Add 2ml of premix per gallon of syrup (2 tsp per 5 gallons). Slowly pour the premix into the hot water that you’re using to mix syrup (watch the fumes) and stir vigorously until thoroughly mixed. Note that thymol sinks in alcohol, but floats in water, and will rise to the surface of the syrup until it is thoroughly dissolved by stirring. The premix can also be added to the bottom of a tank as you fill it with warm HFCS. Caution: you should always wear nitrile gloves when handling thymol, if for nothing else, to remind you not to rub your eyes! If you do get it on your skin, wash it off with warmwater—cold water won’t dissolve it.

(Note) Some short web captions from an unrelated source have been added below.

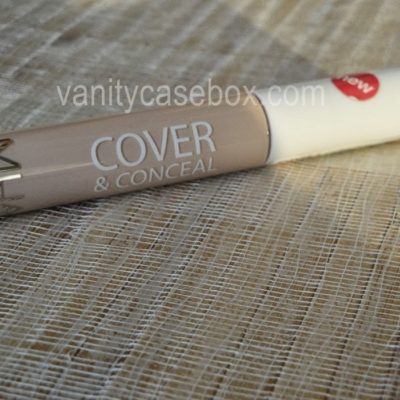 MUA Cover and Conceal Wand Concealer “Natural”- Review and Swatch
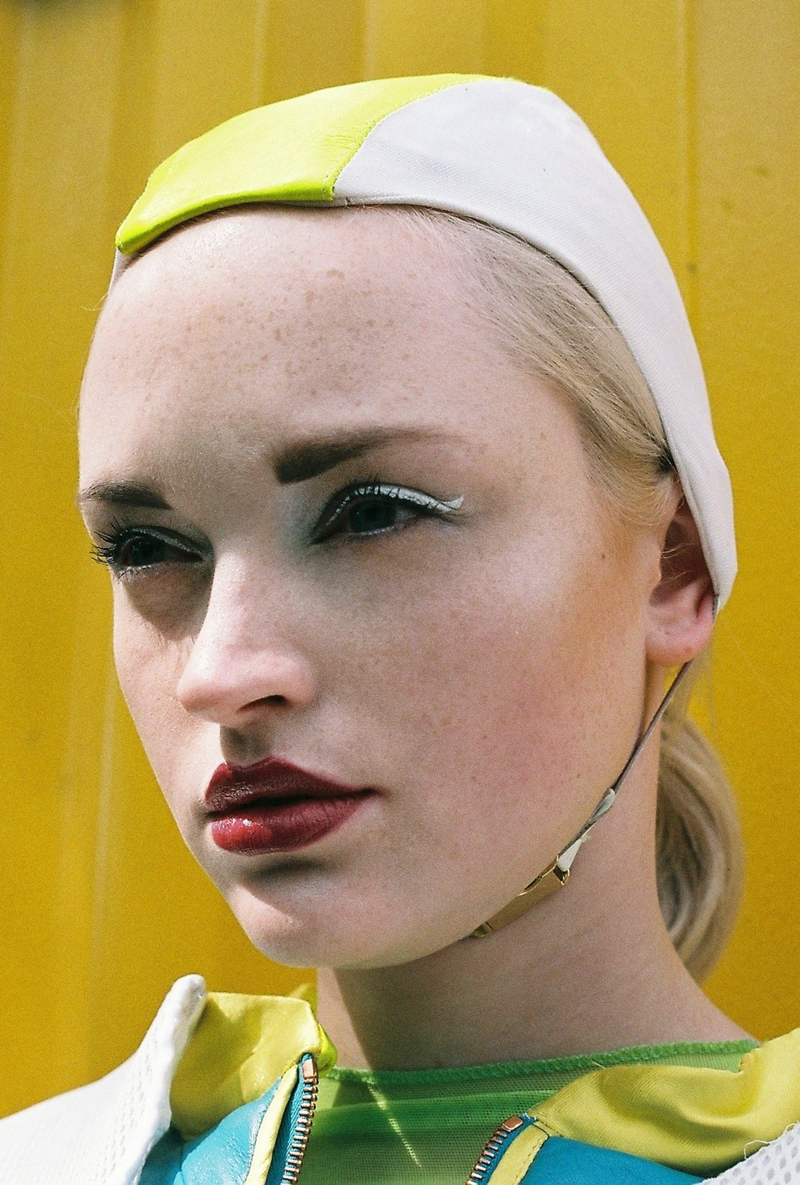 Jacket and hat – Sarah Innes Dress – Staysick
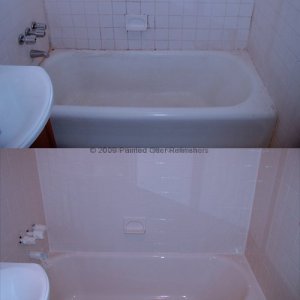 Almond Full Bath Rejuvenation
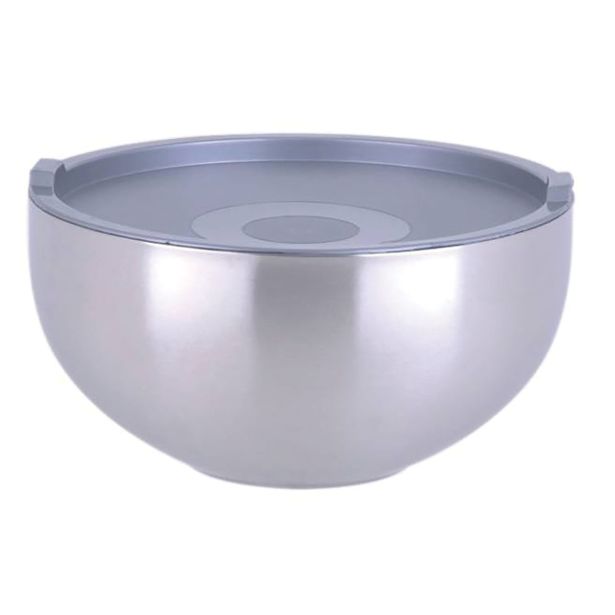 POSODA ZA PRIPRAVO HRANE GSW 18 CM 1.3 L SKLEDA TERMO S POKROVOM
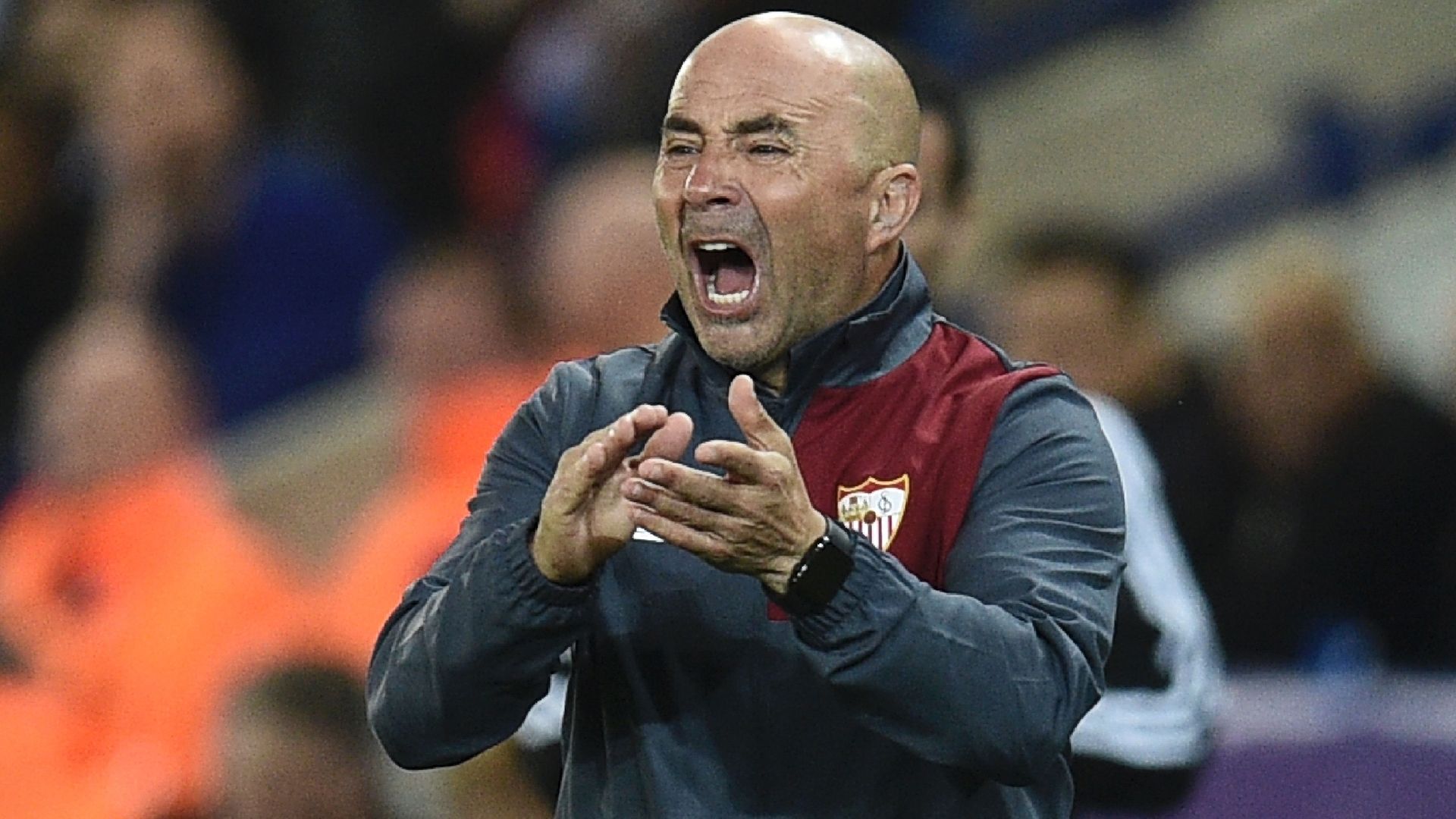 Jorge Sampaoli Leicester Sevilla Champions League 14032017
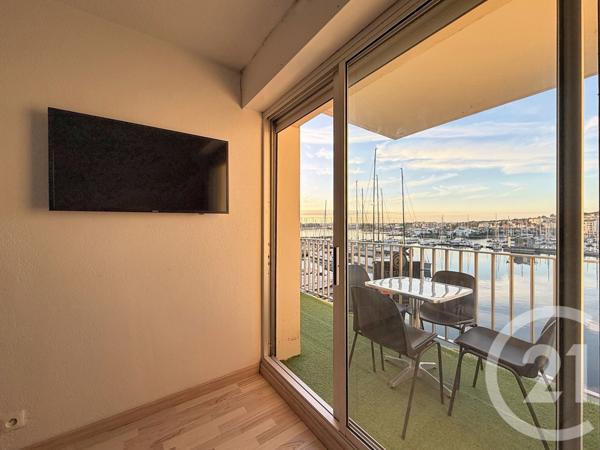 Appartement T2 à vendre  2 pièces - 38,13 m2 AGDE - 34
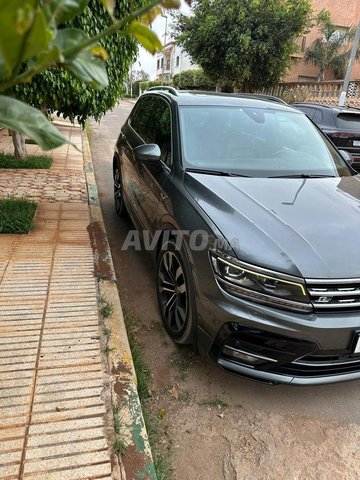 Volkswagen Tiguan R-Line Full option 2018 
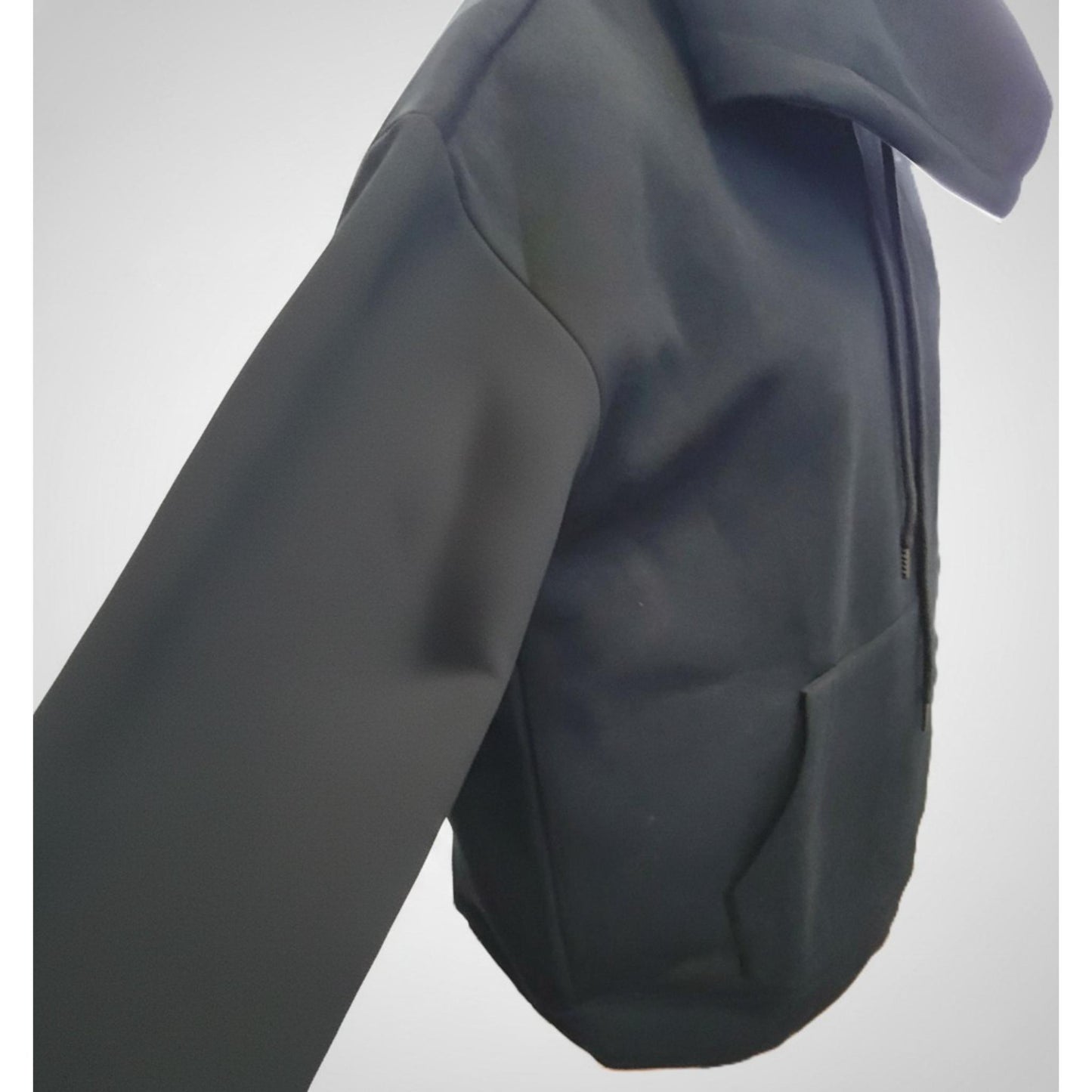 Hoodie Phénix Céleste - Black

OK, OK, I’ll do even more math for you, in order to help you to avoid mistakes. Here’s a really simple way of making the premix. Take a 1 pint (473ml) bottle of 91% alcohol, mark the fill level, then pour the alcohol out. Then weigh 59g of thymol crystals, and pour them carefully into the empty bottle. Then pour about three quarters of the alcohol back in, recap, and shake until the alcohol’s dissolved. Then top off back the the original fill level with alcohol. You now have a bottle of premix that will thymolate (dontcha just love the sound of that word?) 236 gallons of syrup. Similarly for a liter bottle, put in 125g thymol, and top off to 1 liter with alcohol. For God’s sake, immediately relabel the bottle so that no one rubs it on their skin (I guarantee you, they're not gonna drink it)! Any of these premixes can be added at the rate of 2ml per gallon of syrup.


----------